Member of the National Assembly
- In office October 1996 – June 1999

Personal details
- Born: Cornelius Tennyson Daniel Marivate 10 April 1927 Valdezia, Transvaal Union of South Africa
- Died: 4 December 2020 (aged 93)
- Party: African National Congress
- Relations: Charles Daniel Marivate (brother)
- Parent: Daniel Cornel Marivate
- Alma mater: University of South Africa (PhD)

= C. T. D. Marivate =

South African writer and academic (1927–2020)

Cornelius Tennyson Daniel Marivate (10 April 1927 – 4 December 2020) was a South African politician, academic and writer, known for his work in Tsonga. He won the South African Literary Awards Lifetime Achievement Award in 2019.

Marivate worked at the University of South Africa (UNISA) from 1963 to 1992. He served briefly in the government of the Gazankulu bantustan and later represented the African National Congress (ANC) in the National Assembly from 1996 to 1999.

== Early life and career ==
Marivate was the second-born son of Daniel Marivate, a renowned South African composer and writer. He was born on 10 April 1927 and raised at a Swiss mission station in Valdesia in the former Transvaal province, where his father was a teacher and pastor. He himself began teaching in 1948 at a nearby primary school, while studying by correspondence for his school-leaving certificate.

After he completed his bachelor's degree at UNISA in 1963, he was invited to join the university's African languages department as UNISA's first Xitsonga-native lecturer. Beginning as a lecturer and ultimately becoming head of department, he remained at UNISA until his retirement in 1992. During that time he completed his master's degree, on Tsonga folk tales, and in 1982 his doctorate, on ideophone and onomatopoeia in African languages. He also completed a diploma in music through the London School of Music.

== Political career ==
Marivate was occasionally involved in politics during apartheid. In 1978, he successfully campaigned for election to a seat in the Gazankulu Legislative Assembly, but withdrew before he was sworn in. Later he served as a minister in the Gazankulu government under Chief Minister Samuel Dickenson Nxumalo, while also serving as a delegate to the Convention for a Democratic South Africa.

After the end of apartheid in 1994, he was appointed as a member of the Public Service Commission in the new Northern Province (later renamed Limpopo); the main task of the commission was to reintegrate the Gazankulu, Lebowa, and Venda homelands with parts of the Transvaal provincial administration. In October 1996, he was sworn in to the National Assembly, the lower house of the new South African Parliament, where he filled a casual vacancy in an ANC seat. He advocated for a political programme involving self-reliance, reconciliation, and cooperation among political parties.

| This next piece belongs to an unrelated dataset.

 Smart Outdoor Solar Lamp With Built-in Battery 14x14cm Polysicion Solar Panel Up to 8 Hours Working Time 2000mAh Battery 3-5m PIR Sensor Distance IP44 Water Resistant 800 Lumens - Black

He left the Parliament after the next general election in 1999.

== Music and literature ==
Marivate wrote several books in Tsonga, including Jim Xilovekelo (1965) and Mpambulwa Wa Switlhokovetselo (1983), and he translated others from English, including a book of Tsonga folktales. In 2019, he won the South African Literary Awards's Lifetime Achievement Award for his body of work in Tsonga. Like his father, he was also involved in composing and conducting choral music.

== Personal life and death ==
He was married to Stephina and had seven children. He was an adherent of the Moral Rearmament movement and a member of the Evangelical Presbyterian Church. He died on 4 December 2020, aged 93.